Your task is to retype the lines from the opening of the material through the line that includes "Mutlu demiryolu işçisi". Do not copy the pictures.

[[ Records for processing open ]]

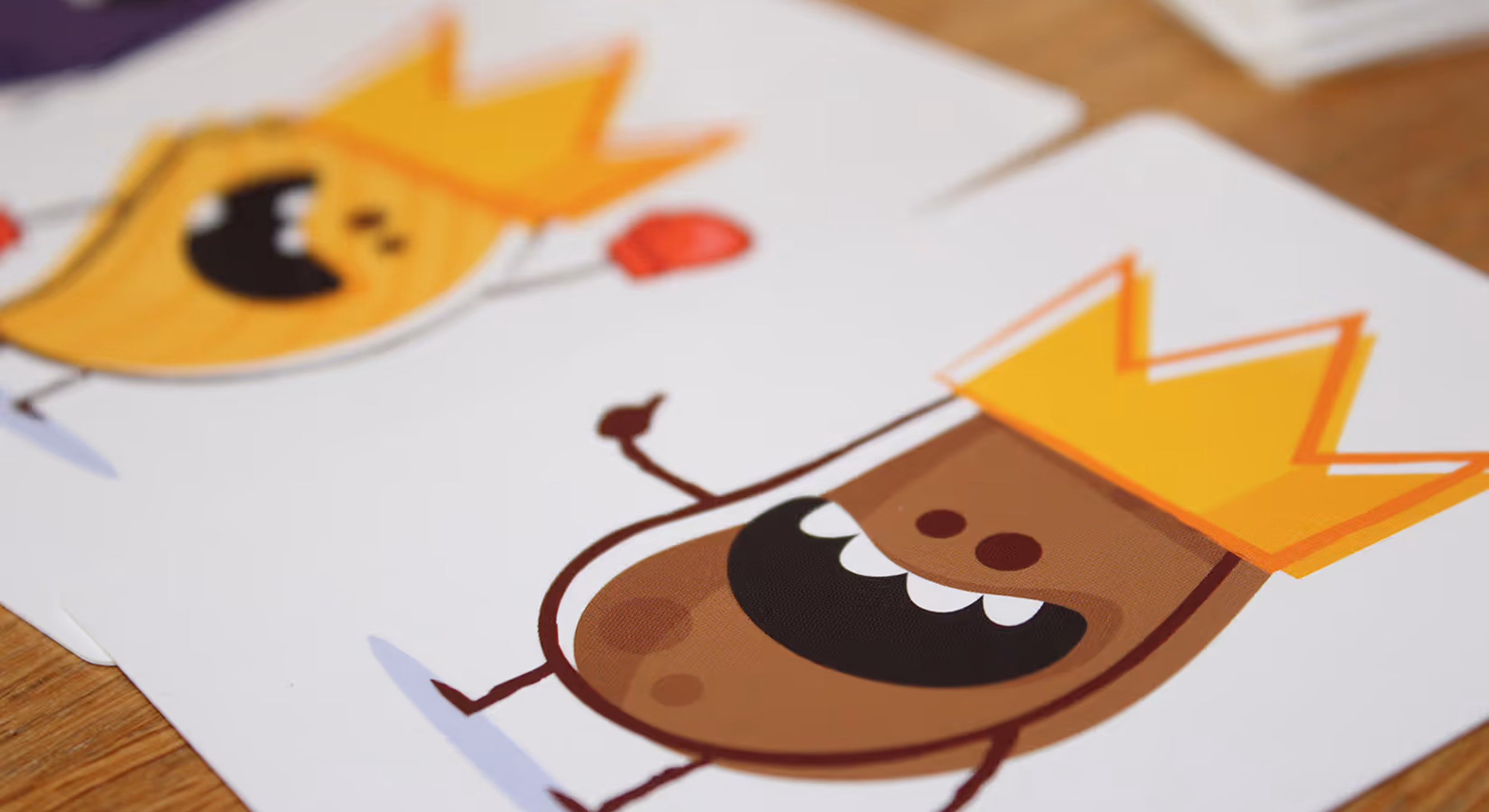 Cartes du jeu Because Potatoes : des patates couronnées portant des gants de boxe
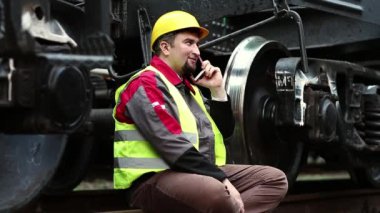 Mutlu demiryolu işçisi cep telefonuyla konuşuyor. Demiryolu işçisi yük vagonunun yanında demiryolu hattında oturur ve cep telefonuyla konuşur.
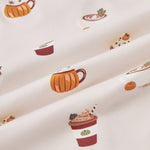 A repeating, all-over print featuring: a white cappuccino cup with latte art and a green leaf garnish, next to a mini pumpkin and a dusting of cocoa powder; an orange pumpkin-shaped mug with whipped cream and garnished with star anise and a cinnamon stick; a rust-colored to-go coffee cup with orange whipped cream, a dark green leaf, and a straw; and a yellow mug with a maple leaf image, topped with whipped cream, cloves, and a mini orange pumpkin, over a light beige background color named Vanilla.
---1605 1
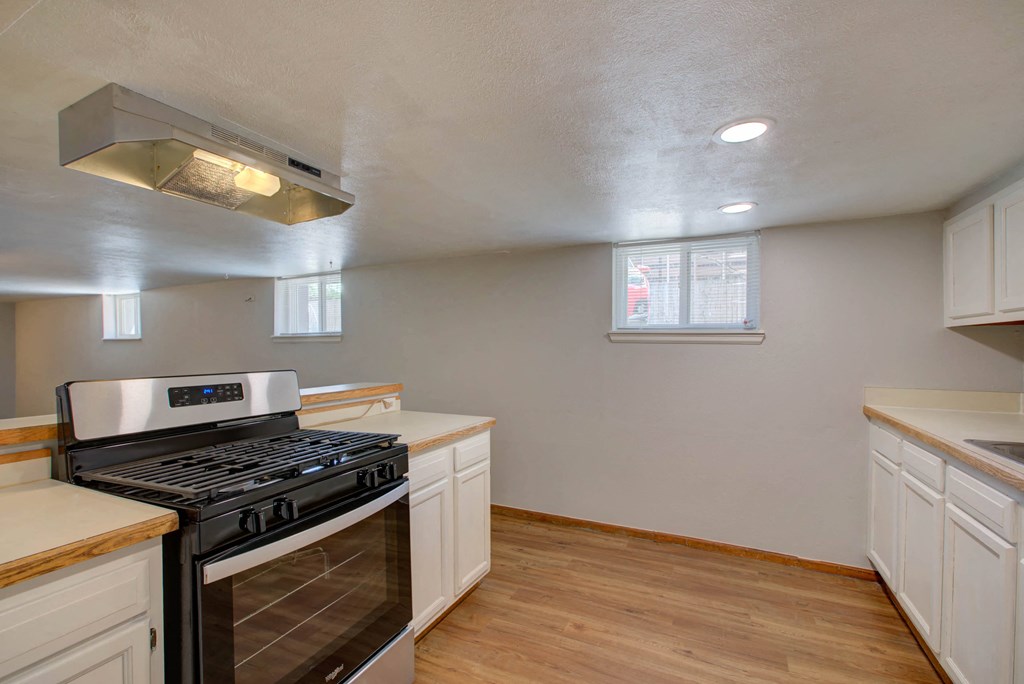 A kitchen with a stove top oven and wooden floors.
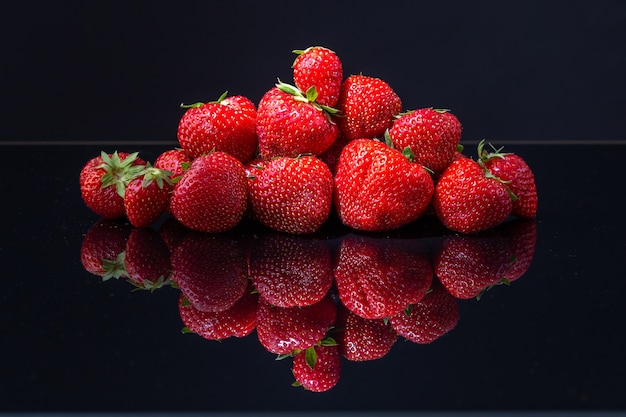 Horizontal shot of a pile of red Croatian strawberries on a black reflecting surface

[[ Records for processing closed ]]

→ Task result:
 Cartes du jeu Because Potatoes : des patates couronnées portant des gants de boxe
 Mutlu demiryolu işçisi cep telefonuyla konuşuyor. Demiryolu işçisi yük vagonunun yanında demiryolu hattında oturur ve cep telefonuyla konuşur.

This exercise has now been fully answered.